Summer is also when the new Carmen Mota show opens in Las Americas. Like last year, the show was much more concentrated on dance than on spectacle. I much prefer it this way. If it isn’t pure flamenco enough for some, then they are missing out on the sheer enjoyment. It’s aimed at the general public, including foreigners, for one thing. It’s beautifully presented and the dancing is breathtaking. Think Spanish/flamenco “Riverdance”, and you’d be close. The in the early years the shows were more of a combination of dance and carnival, but carnival is not something we are short on here!

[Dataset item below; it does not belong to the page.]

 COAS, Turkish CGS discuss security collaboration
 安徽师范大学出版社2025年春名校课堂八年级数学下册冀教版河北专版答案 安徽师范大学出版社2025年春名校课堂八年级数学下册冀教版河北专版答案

One warm Sunday afternoon I went to Finca del Arte to listen to the jazz. I have mixed feelings about this venue, but certainly not about the music. It’s just a shame that most people go to chatter and not listen, but I suppose that performers in eateries get used to that? The other problem is that the tables closer to the band are in full sun, and obviously it’s much nicer to sit under the shade of trees. Maybe the place depends on the day. I’ve had some very pleasant afternoons there in the past, but I’m not in a hurry to go again after this day, but not the fault of the music!
Folk music takes many forms, of course, having grown up with English/US folk music I sometimes forget that the incredible music/dance I saw a couple of weeks ago is folk music in its own country. The longer I live in Tenerife, the more I come to love the traditional music here. Many of the old traditions have been revived in recent years. In the groups parading at romerias there is, for instance, almost always someone playing bones, like this guy.
Last, but no way least, one of the most memorable days of this summer for me ended with this impromptu performance by a local parranda (musical group/minstrels) which I’d lost when I first posted about them. We were on the tram, returning to Santa Cruz, after they’d already sung all the way on the outward journey, and then sashayed the streets of La Laguna. An unforgettable bunch of ladies!
Autumn is poking its way into our lives, not so far as weather goes here, but certainly life is changing. Autumn means less outdoor events, more formal ones, the brief opera season in Santa Cruz, and the music of Christmas. Lots to look forward to in Winter too, though for me a big plus in these summer events has been that the majority have been free, the price of a drink or very affordable. These are just my personal experiences this summer, there has been an awful lot more going on for those who could afford it. The island certainly has come a long way in the last 20 years.